Given records:
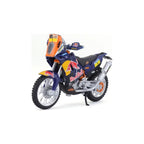 Μηχανή Bburago Red Bull KTM Motorcycle 1:18 - 18/51070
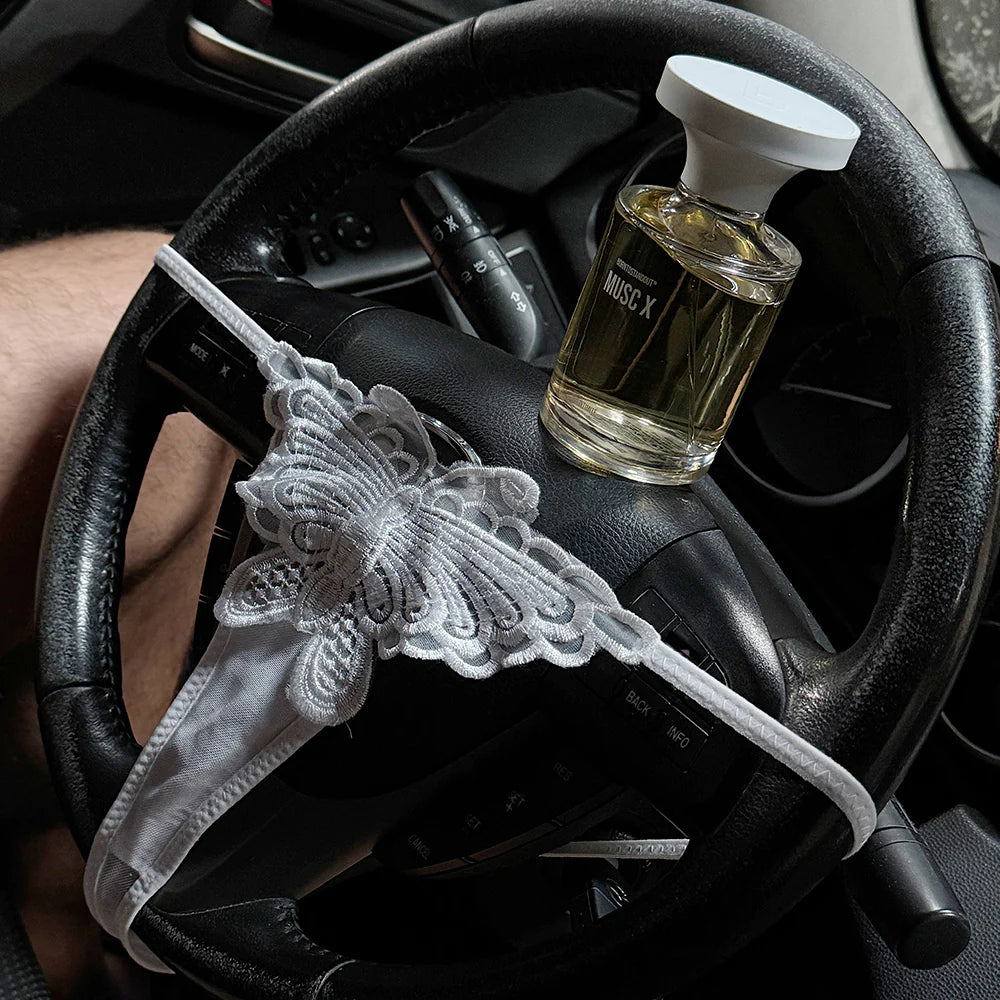 BORN TO STAND OUT - EAU INTIMITE' - MUSK X - EAU DE PARFUM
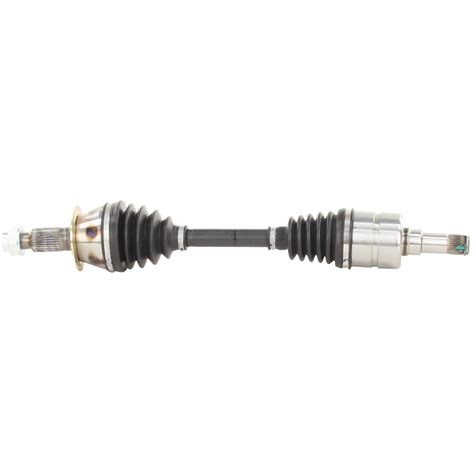 Duralast Gold Front Passenger Side CV Axle 14412N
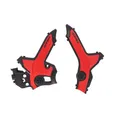 Produktbild: ACERBIS 0025127.323 Rahmenschutz X-Grip Für Honda CRF300L 21 Schwarz/Rot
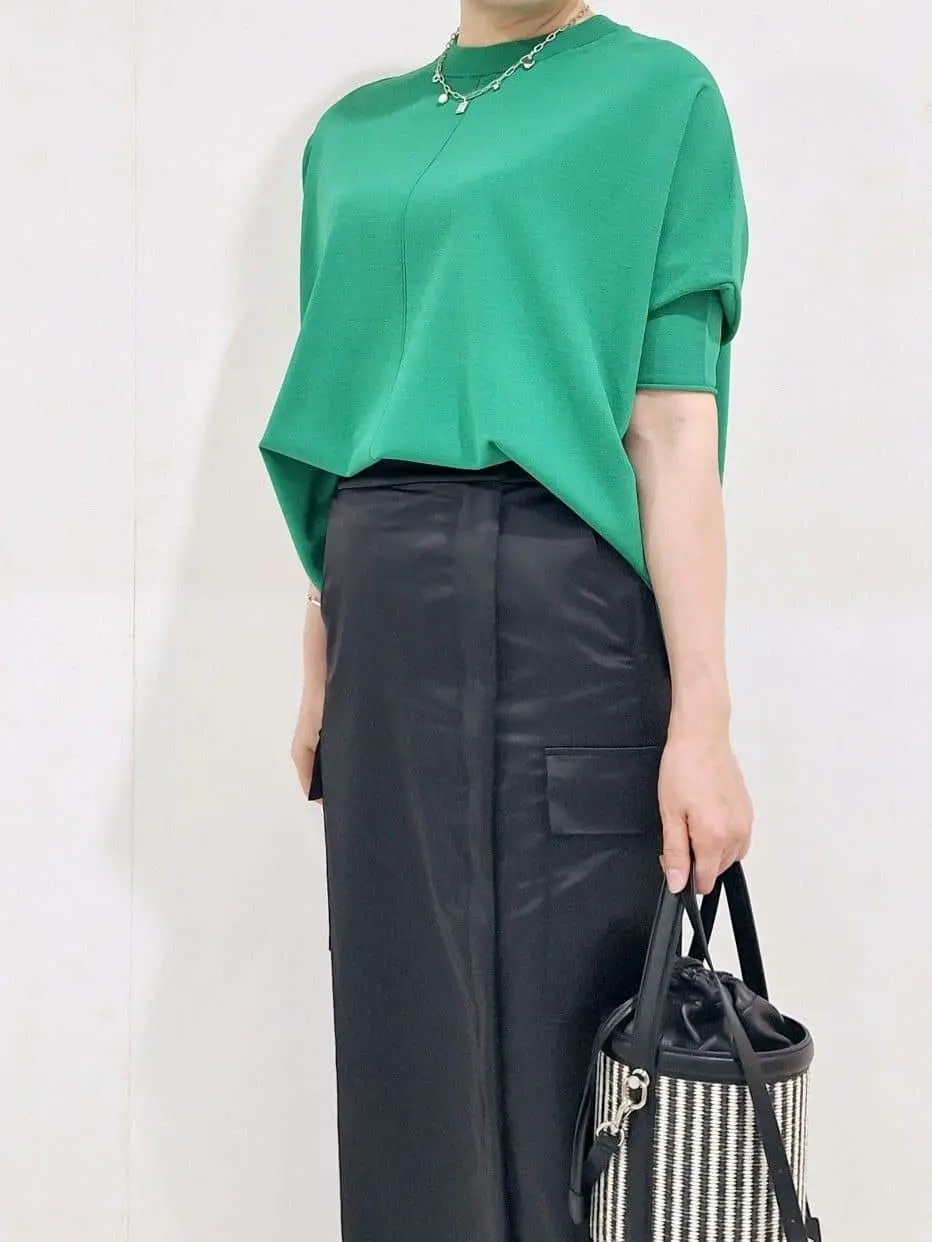 ICB 長谷川 コーディネート画像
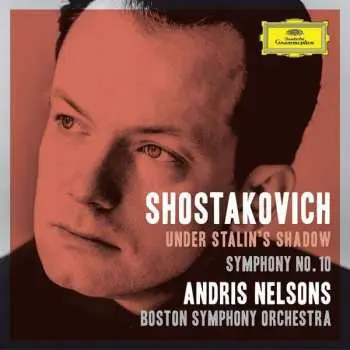 CD Dmitri Shostakovich: Symphony No. 10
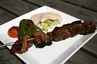 Shish kebab ... klik på billedet for at komme tilbage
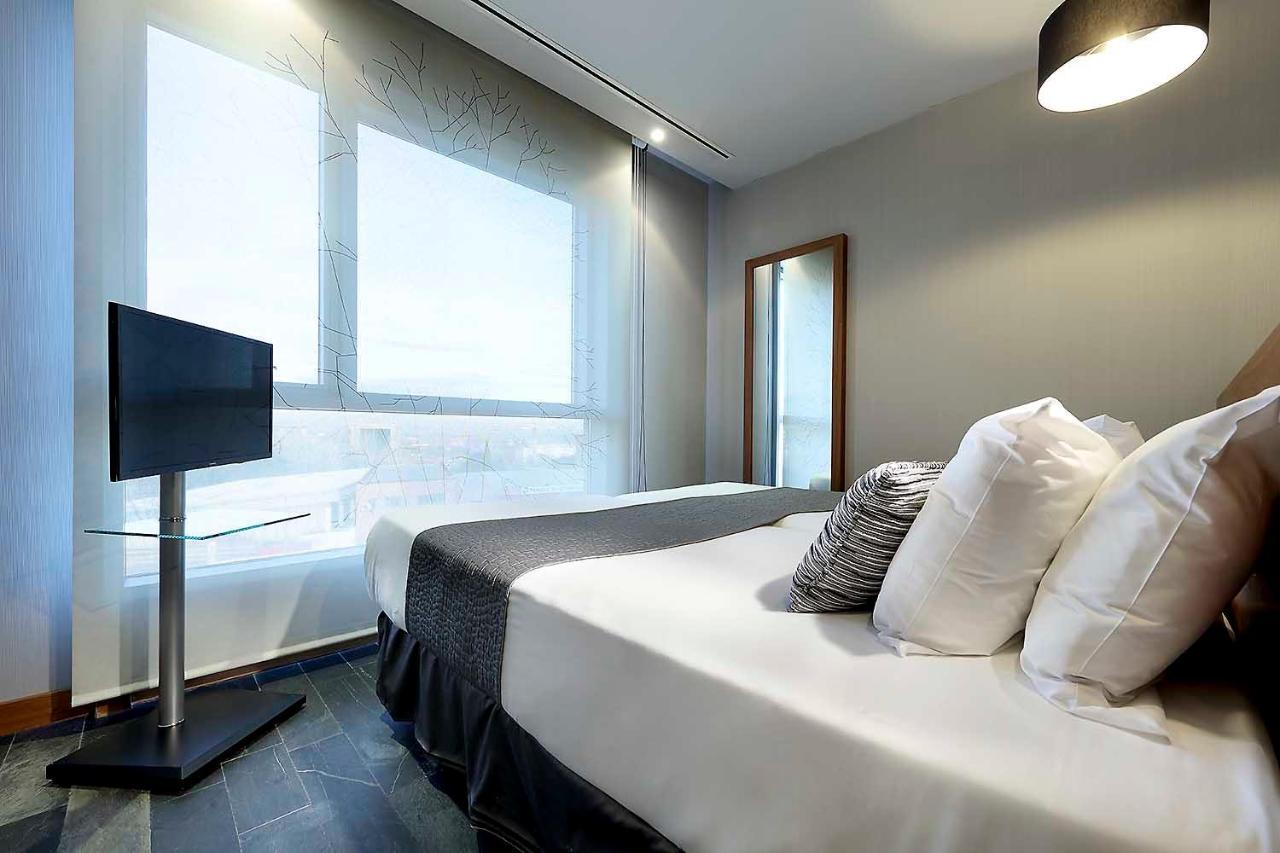 Eurostars Madrid Congress Hotell Alcobendas Eksteriør bilde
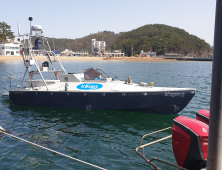 경남 무인선박 '아라곤3호' 해상실증 성공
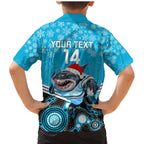 custom-sharks-rugby-christmas-family-matching-mermaid-dress-and-hawaiian-shirt-merry-xmas-2023-mix-aboriginal-art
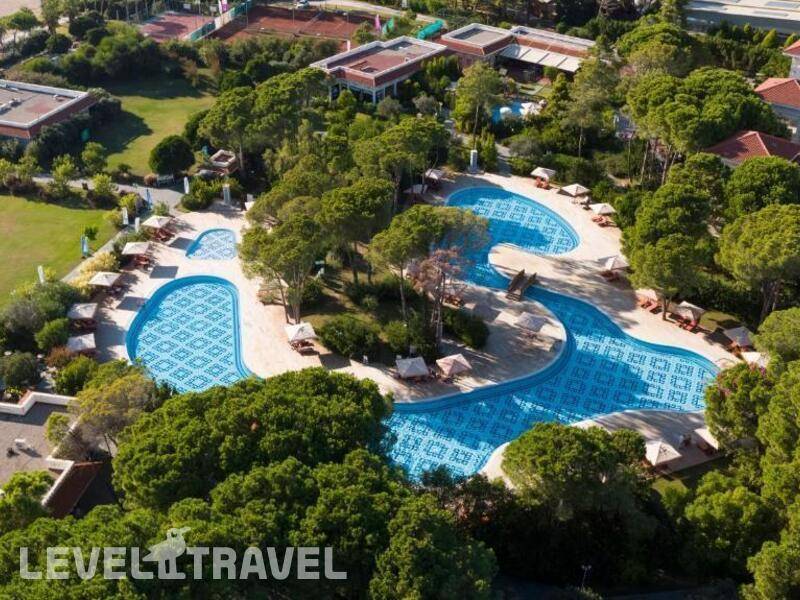 Фотография Ali Bey Resort Sorgun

What to produce: Once the pictures are set aside, repeat the data above exactly as written.

Result:
 Μηχανή Bburago Red Bull KTM Motorcycle 1:18 - 18/51070
 BORN TO STAND OUT - EAU INTIMITE' - MUSK X - EAU DE PARFUM
 Duralast Gold Front Passenger Side CV Axle 14412N
 Produktbild: ACERBIS 0025127.323 Rahmenschutz X-Grip Für Honda CRF300L 21 Schwarz/Rot
 ICB 長谷川 コーディネート画像
 CD Dmitri Shostakovich: Symphony No. 10
 Shish kebab ... klik på billedet for at komme tilbage
 Eurostars Madrid Congress Hotell Alcobendas Eksteriør bilde
 경남 무인선박 '아라곤3호' 해상실증 성공
 custom-sharks-rugby-christmas-family-matching-mermaid-dress-and-hawaiian-shirt-merry-xmas-2023-mix-aboriginal-art
 Фотография Ali Bey Resort Sorgun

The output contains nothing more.